Google recently launched Hum to Search, a new machine-learned system within Google Search that helps to find a song by humming. This approach produces an embedding of a melody directly from a song’s spectrogram without creating an intermediate representation. This allows the model to match a hummed tune to the original polyphonic recordings without a MIDI (Musical Instrument Digital Interface) version of each track or any other complex hand-engineered logic to extract the melody.
One of the significant challenges in recognizing a hummed melody is that a hummed tune often contains relatively less information; for instance, this hummed example of Bella Ciao is illustrated. The difference between the hummed version and the original version can be visualized using spectrograms, as shown below:
|Visualization of a hummed clip and a matching studio recording.|
Using the image on the left, the model needs to locate the audio corresponding to the right-hand image. To get this, the model needs to learn to focus on the dominant section of the audio and ignore background vocals, instruments, and voice timbre, and other noises. To find the dominant melody that might be used to match these two spectrograms, one can look for similarities in the lines towards the bottom of the given images.
Machine Learning Behind the feature
The initial step in developing Hum to Search is modifying the music-recognition models used in Now Playing and Sound Search to work with hummed recordings. Thus, a neural network is trained with pairs of input (here pairs of hummed or sung audio and recorded audio). Then, it produces embeddings for each input, to be used for matching later.
|Training setup for the neural network|
To recognize humming, the network should produce embeddings, which requires the pairs of audios containing the same melody to be close to each other, despite having different instrumental accompaniment and singing voices. The resultant model can then generate an embedding for a tune similar to the referred song.
Training of the model
- To train the model, the first challenge was to obtain training data.

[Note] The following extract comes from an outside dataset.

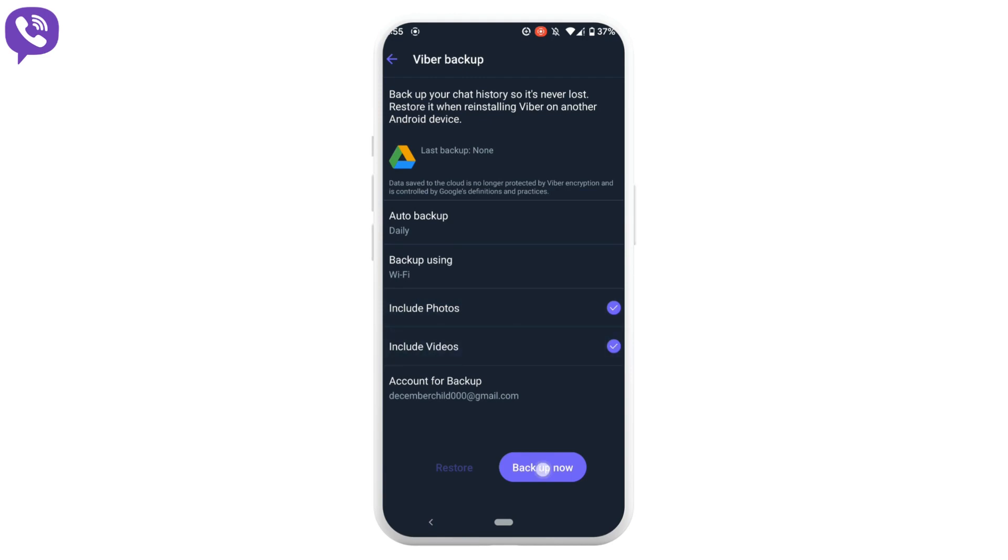Once you are done, tap on backup now. It will start to backup your files to your email.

For that, Google augmented the audio during training, such as by varying the pitch or tempo of the (sung) input randomly. The model worked well enough for singing purposes, but not for humming or whistling.

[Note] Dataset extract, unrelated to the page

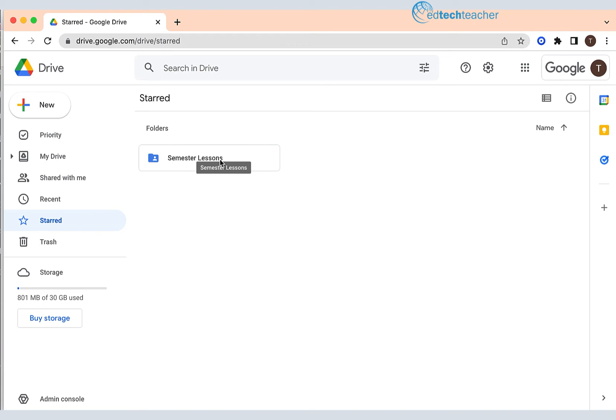So as you work through Google Drive, if there are particular files or folders that are very important and you want to find them quickly, just go ahead and star them.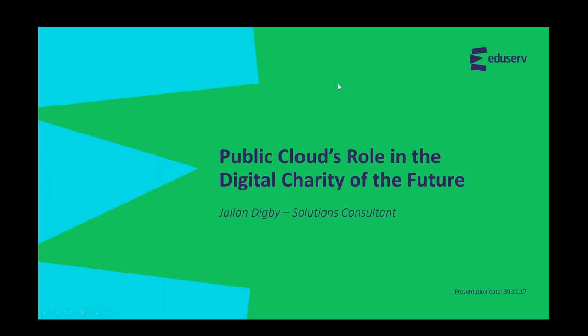Good morning. My name is Julian Digby, I'm a solutions consultant at eduServe. Welcome to this eduServe webinar on the public cloud's role in the digital charity of the future. My role is twofold: I work with customers to understand their routes to cloud adoption, and I also work on the design of cloud solutions to meet customer requirements once they're actively adopting cloud.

- To improve the model for the required purpose, it uses SPICE, a pitch extraction model that produces a melody consisting of discrete audio tones. This generates additional training data of simulated hummed melodies from the existing audio dataset.

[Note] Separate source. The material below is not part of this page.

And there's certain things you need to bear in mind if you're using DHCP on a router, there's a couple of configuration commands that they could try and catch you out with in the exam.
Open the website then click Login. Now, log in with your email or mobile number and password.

- This approach later replaced the simple tone generator with a neural network that produces audio resembling an actual hummed or whistled tune. For example, this is the sung (input) clip, transformed into a humming clip or whistling clip.
- Finally, the training data was compared by mixing and matching the audio samples. For example, if there is a similar clip from two different singers, it aligns those two clips with the preliminary models. Therefore, the model can have an additional pair of audio clips that represent the same melody.
|Generating hummed audio from sung audio|
However, this model needed some further changes. After applying those changes, the current system gains better accuracy on a song database that contains over half a million songs that are being updated continuously.
|Hum to Search in the Google App|
To try this feature,
- Open the latest version of the Google app.
- Tap the mic icon and ask, “what’s this song?” OR click the “Search a song” button
- You can hum, sing, or whistle.
- Hum to Search can then find and playback a song without having to type its name.